§ Recorded data:
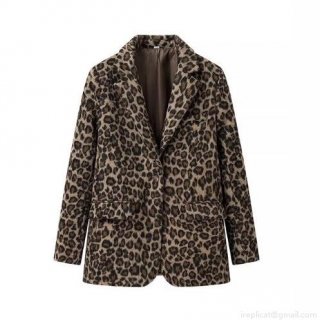 Women Street Fashion Leopard Print Blazer Jacket Single Breasted Long Sleeve Lapel Suit Outerwear With Pockets For Autumn Female Elegance Casual Office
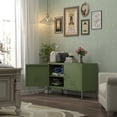 thumbnail image 5 of Marcree Metal Storage Cabinets, Media Console Cabinet 2 Doors, Metal TV Stand with Adjustable Shelf for Living Room, Bedroom, Avocado Green, 5 of 9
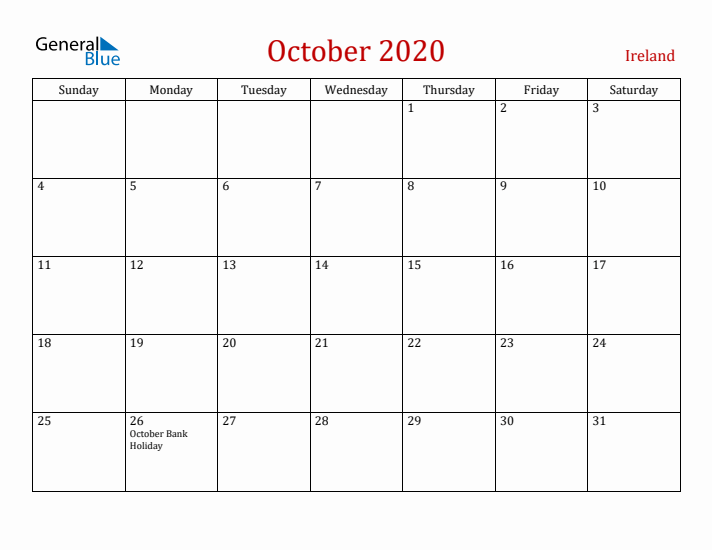 Ireland October 2020 Calendar - Sunday Start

§ Problem details:
Once the images are set aside, retype all of the material above exactly.

§ Your solution:
 Women Street Fashion Leopard Print Blazer Jacket Single Breasted Long Sleeve Lapel Suit Outerwear With Pockets For Autumn Female Elegance Casual Office
 thumbnail image 5 of Marcree Metal Storage Cabinets, Media Console Cabinet 2 Doors, Metal TV Stand with Adjustable Shelf for Living Room, Bedroom, Avocado Green, 5 of 9
 Ireland October 2020 Calendar - Sunday Start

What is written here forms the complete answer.